Supplied records:
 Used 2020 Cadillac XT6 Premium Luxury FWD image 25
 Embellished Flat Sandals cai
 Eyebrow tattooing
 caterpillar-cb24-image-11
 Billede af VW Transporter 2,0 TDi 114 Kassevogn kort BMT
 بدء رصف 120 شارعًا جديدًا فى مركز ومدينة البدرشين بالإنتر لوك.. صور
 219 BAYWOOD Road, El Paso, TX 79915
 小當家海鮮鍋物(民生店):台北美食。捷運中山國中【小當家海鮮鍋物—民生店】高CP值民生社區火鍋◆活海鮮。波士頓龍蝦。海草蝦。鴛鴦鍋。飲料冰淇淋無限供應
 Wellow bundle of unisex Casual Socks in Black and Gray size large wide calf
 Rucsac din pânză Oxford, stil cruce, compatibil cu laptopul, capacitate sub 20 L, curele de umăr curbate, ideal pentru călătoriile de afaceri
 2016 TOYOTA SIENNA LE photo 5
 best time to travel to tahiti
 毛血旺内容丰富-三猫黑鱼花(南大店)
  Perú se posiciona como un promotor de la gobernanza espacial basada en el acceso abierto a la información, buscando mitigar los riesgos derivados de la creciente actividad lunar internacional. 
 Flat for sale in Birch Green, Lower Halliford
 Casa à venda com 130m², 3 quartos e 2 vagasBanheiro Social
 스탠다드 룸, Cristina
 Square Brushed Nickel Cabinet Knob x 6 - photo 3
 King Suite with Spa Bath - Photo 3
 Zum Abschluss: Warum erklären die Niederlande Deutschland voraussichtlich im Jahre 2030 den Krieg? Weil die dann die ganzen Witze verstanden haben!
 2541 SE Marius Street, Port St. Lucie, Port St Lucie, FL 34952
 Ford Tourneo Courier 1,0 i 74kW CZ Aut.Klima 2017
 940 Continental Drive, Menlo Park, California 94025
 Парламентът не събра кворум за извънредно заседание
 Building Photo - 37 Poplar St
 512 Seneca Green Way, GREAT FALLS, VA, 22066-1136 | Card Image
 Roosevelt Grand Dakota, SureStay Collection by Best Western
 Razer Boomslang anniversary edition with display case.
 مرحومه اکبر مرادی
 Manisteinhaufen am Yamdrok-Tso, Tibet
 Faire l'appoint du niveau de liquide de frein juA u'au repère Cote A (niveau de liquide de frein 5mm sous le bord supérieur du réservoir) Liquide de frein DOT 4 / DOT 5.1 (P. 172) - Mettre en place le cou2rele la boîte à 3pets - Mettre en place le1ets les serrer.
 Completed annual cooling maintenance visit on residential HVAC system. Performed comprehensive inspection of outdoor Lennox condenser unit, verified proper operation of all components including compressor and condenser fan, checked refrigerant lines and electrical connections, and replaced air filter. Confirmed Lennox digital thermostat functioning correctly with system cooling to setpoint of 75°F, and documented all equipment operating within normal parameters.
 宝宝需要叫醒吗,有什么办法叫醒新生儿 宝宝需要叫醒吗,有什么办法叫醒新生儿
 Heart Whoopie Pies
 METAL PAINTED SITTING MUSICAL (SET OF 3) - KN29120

Required action: Nothing should be dropped. Retype each line above as it is.

Task result:
 Used 2020 Cadillac XT6 Premium Luxury FWD image 25
 Embellished Flat Sandals cai
 Eyebrow tattooing
 caterpillar-cb24-image-11
 Billede af VW Transporter 2,0 TDi 114 Kassevogn kort BMT
 بدء رصف 120 شارعًا جديدًا فى مركز ومدينة البدرشين بالإنتر لوك.. صور
 219 BAYWOOD Road, El Paso, TX 79915
 小當家海鮮鍋物(民生店):台北美食。捷運中山國中【小當家海鮮鍋物—民生店】高CP值民生社區火鍋◆活海鮮。波士頓龍蝦。海草蝦。鴛鴦鍋。飲料冰淇淋無限供應
 Wellow bundle of unisex Casual Socks in Black and Gray size large wide calf
 Rucsac din pânză Oxford, stil cruce, compatibil cu laptopul, capacitate sub 20 L, curele de umăr curbate, ideal pentru călătoriile de afaceri
 2016 TOYOTA SIENNA LE photo 5
 best time to travel to tahiti
 毛血旺内容丰富-三猫黑鱼花(南大店)
  Perú se posiciona como un promotor de la gobernanza espacial basada en el acceso abierto a la información, buscando mitigar los riesgos derivados de la creciente actividad lunar internacional. 
 Flat for sale in Birch Green, Lower Halliford
 Casa à venda com 130m², 3 quartos e 2 vagasBanheiro Social
 스탠다드 룸, Cristina
 Square Brushed Nickel Cabinet Knob x 6 - photo 3
 King Suite with Spa Bath - Photo 3
 Zum Abschluss: Warum erklären die Niederlande Deutschland voraussichtlich im Jahre 2030 den Krieg? Weil die dann die ganzen Witze verstanden haben!
 2541 SE Marius Street, Port St. Lucie, Port St Lucie, FL 34952
 Ford Tourneo Courier 1,0 i 74kW CZ Aut.Klima 2017
 940 Continental Drive, Menlo Park, California 94025
 Парламентът не събра кворум за извънредно заседание
 Building Photo - 37 Poplar St
 512 Seneca Green Way, GREAT FALLS, VA, 22066-1136 | Card Image
 Roosevelt Grand Dakota, SureStay Collection by Best Western
 Razer Boomslang anniversary edition with display case.
 مرحومه اکبر مرادی
 Manisteinhaufen am Yamdrok-Tso, Tibet
 Faire l'appoint du niveau de liquide de frein juA u'au repère Cote A (niveau de liquide de frein 5mm sous le bord supérieur du réservoir) Liquide de frein DOT 4 / DOT 5.1 (P. 172) - Mettre en place le cou2rele la boîte à 3pets - Mettre en place le1ets les serrer.
 Completed annual cooling maintenance visit on residential HVAC system. Performed comprehensive inspection of outdoor Lennox condenser unit, verified proper operation of all components including compressor and condenser fan, checked refrigerant lines and electrical connections, and replaced air filter. Confirmed Lennox digital thermostat functioning correctly with system cooling to setpoint of 75°F, and documented all equipment operating within normal parameters.
 宝宝需要叫醒吗,有什么办法叫醒新生儿 宝宝需要叫醒吗,有什么办法叫醒新生儿
 Heart Whoopie Pies
 METAL PAINTED SITTING MUSICAL (SET OF 3) - KN29120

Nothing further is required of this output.